* [INPUT]:
########################################
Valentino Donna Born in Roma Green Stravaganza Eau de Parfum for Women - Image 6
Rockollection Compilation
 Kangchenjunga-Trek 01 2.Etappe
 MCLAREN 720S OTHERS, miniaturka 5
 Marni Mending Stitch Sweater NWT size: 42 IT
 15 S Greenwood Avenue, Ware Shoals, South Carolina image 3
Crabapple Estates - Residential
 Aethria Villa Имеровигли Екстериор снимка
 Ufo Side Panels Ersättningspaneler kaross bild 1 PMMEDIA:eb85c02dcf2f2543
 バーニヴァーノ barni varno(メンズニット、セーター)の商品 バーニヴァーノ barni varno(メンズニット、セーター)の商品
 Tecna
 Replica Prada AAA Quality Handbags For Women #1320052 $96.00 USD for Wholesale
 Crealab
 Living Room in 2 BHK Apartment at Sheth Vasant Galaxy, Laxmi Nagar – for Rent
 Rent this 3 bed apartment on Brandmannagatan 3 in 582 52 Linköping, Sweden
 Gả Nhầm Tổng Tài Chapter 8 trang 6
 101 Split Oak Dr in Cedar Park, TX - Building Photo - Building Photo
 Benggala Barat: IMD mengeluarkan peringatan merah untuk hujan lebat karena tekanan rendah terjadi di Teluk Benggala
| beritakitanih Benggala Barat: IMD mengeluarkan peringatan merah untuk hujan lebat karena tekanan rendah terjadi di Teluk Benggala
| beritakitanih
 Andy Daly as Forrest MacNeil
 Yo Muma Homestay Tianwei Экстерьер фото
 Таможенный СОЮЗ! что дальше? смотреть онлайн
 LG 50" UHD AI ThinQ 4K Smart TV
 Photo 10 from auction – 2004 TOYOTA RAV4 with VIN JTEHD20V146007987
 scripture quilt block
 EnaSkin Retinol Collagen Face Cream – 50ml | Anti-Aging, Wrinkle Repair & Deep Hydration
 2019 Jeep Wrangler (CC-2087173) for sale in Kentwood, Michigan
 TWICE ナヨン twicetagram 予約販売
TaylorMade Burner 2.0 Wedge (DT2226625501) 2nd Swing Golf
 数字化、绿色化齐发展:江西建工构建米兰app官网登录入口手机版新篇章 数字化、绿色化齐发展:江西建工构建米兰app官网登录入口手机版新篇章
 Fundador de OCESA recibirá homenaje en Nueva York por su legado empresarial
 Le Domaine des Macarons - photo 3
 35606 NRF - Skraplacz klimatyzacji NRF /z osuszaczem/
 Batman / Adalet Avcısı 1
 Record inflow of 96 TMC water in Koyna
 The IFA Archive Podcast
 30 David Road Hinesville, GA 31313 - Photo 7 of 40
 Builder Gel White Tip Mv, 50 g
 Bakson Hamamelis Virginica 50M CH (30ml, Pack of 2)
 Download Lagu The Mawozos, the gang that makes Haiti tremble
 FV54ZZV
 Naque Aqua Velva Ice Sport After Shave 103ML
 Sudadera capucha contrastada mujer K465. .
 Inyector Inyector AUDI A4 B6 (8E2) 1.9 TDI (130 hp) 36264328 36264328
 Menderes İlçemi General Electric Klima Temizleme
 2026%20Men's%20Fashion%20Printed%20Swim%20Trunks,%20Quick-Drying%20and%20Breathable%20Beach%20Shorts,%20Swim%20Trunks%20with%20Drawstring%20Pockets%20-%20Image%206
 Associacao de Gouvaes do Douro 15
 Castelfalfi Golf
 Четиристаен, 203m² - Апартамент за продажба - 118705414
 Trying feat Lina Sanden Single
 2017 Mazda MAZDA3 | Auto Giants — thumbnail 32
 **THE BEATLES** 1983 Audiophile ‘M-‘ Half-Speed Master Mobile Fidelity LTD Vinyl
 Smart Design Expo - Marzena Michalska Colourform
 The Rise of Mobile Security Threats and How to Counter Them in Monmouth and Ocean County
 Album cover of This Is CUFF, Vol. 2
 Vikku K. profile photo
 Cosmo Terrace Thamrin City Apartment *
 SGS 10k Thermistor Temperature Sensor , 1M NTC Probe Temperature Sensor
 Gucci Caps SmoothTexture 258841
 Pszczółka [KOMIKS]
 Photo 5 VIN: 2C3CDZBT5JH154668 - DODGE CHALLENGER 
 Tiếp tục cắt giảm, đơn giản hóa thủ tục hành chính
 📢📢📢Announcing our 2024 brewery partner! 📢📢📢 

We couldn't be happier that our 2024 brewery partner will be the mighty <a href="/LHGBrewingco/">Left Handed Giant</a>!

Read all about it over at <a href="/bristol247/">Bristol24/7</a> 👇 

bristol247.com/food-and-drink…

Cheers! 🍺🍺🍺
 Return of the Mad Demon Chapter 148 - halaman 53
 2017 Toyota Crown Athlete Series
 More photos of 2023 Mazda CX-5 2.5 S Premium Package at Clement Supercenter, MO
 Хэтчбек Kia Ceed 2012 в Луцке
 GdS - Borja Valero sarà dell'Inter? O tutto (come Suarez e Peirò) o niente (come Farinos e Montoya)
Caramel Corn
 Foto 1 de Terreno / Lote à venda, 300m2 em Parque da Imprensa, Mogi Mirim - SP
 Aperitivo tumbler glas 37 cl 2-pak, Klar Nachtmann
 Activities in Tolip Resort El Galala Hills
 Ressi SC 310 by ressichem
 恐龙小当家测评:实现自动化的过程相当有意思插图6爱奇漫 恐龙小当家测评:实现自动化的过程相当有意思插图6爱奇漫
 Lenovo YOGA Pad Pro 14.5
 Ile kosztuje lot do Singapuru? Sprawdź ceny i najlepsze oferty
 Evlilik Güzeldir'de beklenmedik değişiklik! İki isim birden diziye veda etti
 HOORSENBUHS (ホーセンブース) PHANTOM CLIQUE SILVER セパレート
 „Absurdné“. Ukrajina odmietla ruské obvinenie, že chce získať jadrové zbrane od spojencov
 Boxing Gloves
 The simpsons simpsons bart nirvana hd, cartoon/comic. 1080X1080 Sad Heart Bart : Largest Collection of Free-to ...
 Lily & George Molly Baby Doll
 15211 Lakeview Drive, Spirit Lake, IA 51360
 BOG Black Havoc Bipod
########################################
Beginning with the line that contains "2017 Toyota Crown Athlete Series", quote each line exactly through the last line of the entries above, and nothing beyond them.

 2017 Toyota Crown Athlete Series
 More photos of 2023 Mazda CX-5 2.5 S Premium Package at Clement Supercenter, MO
 Хэтчбек Kia Ceed 2012 в Луцке
 GdS - Borja Valero sarà dell'Inter? O tutto (come Suarez e Peirò) o niente (come Farinos e Montoya)
Caramel Corn
 Foto 1 de Terreno / Lote à venda, 300m2 em Parque da Imprensa, Mogi Mirim - SP
 Aperitivo tumbler glas 37 cl 2-pak, Klar Nachtmann
 Activities in Tolip Resort El Galala Hills
 Ressi SC 310 by ressichem
 恐龙小当家测评:实现自动化的过程相当有意思插图6爱奇漫 恐龙小当家测评:实现自动化的过程相当有意思插图6爱奇漫
 Lenovo YOGA Pad Pro 14.5
 Ile kosztuje lot do Singapuru? Sprawdź ceny i najlepsze oferty
 Evlilik Güzeldir'de beklenmedik değişiklik! İki isim birden diziye veda etti
 HOORSENBUHS (ホーセンブース) PHANTOM CLIQUE SILVER セパレート
 „Absurdné“. Ukrajina odmietla ruské obvinenie, že chce získať jadrové zbrane od spojencov
 Boxing Gloves
 The simpsons simpsons bart nirvana hd, cartoon/comic. 1080X1080 Sad Heart Bart : Largest Collection of Free-to ...
 Lily & George Molly Baby Doll
 15211 Lakeview Drive, Spirit Lake, IA 51360
 BOG Black Havoc Bipod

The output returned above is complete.